Euler-Lagrange equations for a double integral

Question

Consider a functional

$$ J[f] = \int_{a}^{b} \int_{a}^{y} \frac{e^{f(y) - f(x)}}{f'(x)} g(x,y) \, dx \,dy, $$

where the constants $a$, $b$ and the function $g$ are given. I am looking for a function $f$ that minimizes this functional. I have tried to use the Euler-Lagrange equation, but I am unsure how to correctly apply it in this case. The difficulties are:

• There are two integrals, and the function of interest is nested within the inner one.
• The upper limit of the inner integral is not constant.
• Both $f(x)$ and $f(y)$ are present within the functional.

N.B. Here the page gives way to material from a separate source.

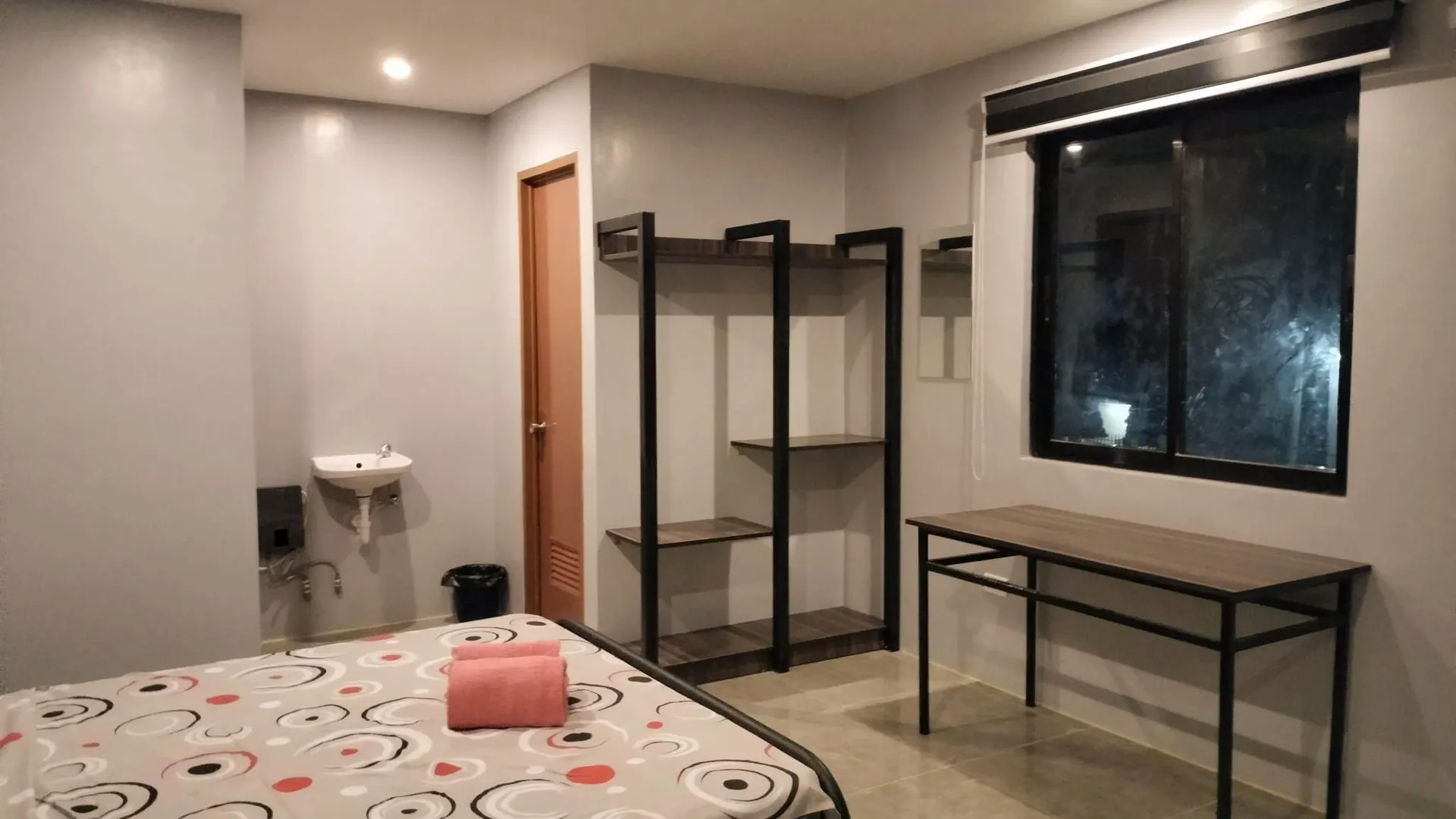 세부 단반타얀의 아파트먼트 (19m², 침실 1개, 프라이빗 욕실 1개) 2성급 싱글룸 로비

I know that there exist various versions of the Euler-Lagrange equations, and would be very grateful if someone could point out which one could be used in this case.

Answer 1

Let's define $F(x,y):=f(x)-f(y)$ and $G(x,y):=g(x,y)\theta(y-x)$, where $\theta(\cdot)$ is the Heaviside step function. Then, we may rewrite the functional $J$ as $$ J[F]=\int_a^b\int_a^b{\cal L}(x,y,F,F_x)\,dxdy, \tag{1} $$ where $$ {\cal L}(x,y,F,F_x):=\frac{e^{-F(x,y)}}{F_x(x,y)}G(x,y). \tag{2} $$ For this problem, the appropriate form of the Euler-Lagrange equation is given by $$ \frac{\partial \cal{L}}{\partial F}-\frac{\partial}{\partial x}\left(\frac{\partial \cal{L}}{\partial F_x}\right)=0. \tag{3} $$ Explicitly, \begin{align} (3)&\implies -\frac{e^{-F}}{F_x}G-\frac{\partial}{\partial x}\left(-\frac{e^{-F}}{F_x^2}G\right)=0 \\ &\implies -2\frac{e^{-F}}{F_x}G-2\frac{F_{xx}\,e^{-F}}{F_x^3}G+\frac{e^{-F}}{F_x^2}G_x=0 \\ &\implies -2(F_x^2+F_{xx})G+F_xG_x=0. \tag{4} \end{align} Incidentally, it seems that $(4)$ does not have a solution, since $F_x(=f'(x))$ and $F_{xx}(=f''(x))$ depend only on $x$, whereas $G$ is a function of both $x$ and $y$.

Answer 2

Recalling that, in the present case, the functional derivative is taken as $$ \frac{\delta}{\delta f} \equiv \frac{\partial}{\partial f} - \frac{\mathrm{d}}{\mathrm{d}x} \frac{\partial}{\partial f'} \quad\mathrm{with}\quad \frac{\delta f(x)}{\delta f(x')} = \delta(x-x'), $$ where the last $\delta$ denotes the Dirac delta function, one has : $$ \begin{array}{rcl} \displaystyle \frac{\delta J[f]}{\delta f(z)} &=& \displaystyle \int_a^b\mathrm{d}y \int_a^y\mathrm{d}x \left(\frac{e^{f(y)-f(x)}}{f'(x)}(\delta(y-z)-\delta(x-z)) - \frac{e^{f(y)-f(x)}}{f'(x)}(1+2f''(x))\delta(x-z)\right) g(x,y) \\ &=& \displaystyle \int_a^b\mathrm{d}y \int_a^y\mathrm{d}x \left(\frac{e^{f(y)-f(x)}}{f'(x)}(\delta(y-z)-2(1+f''(x))\delta(x-z)\right) g(x,y) \end{array} $$ Then, the Dirac deltas will "kill" some integrals depending on whether $z$ lies within the domains of integration.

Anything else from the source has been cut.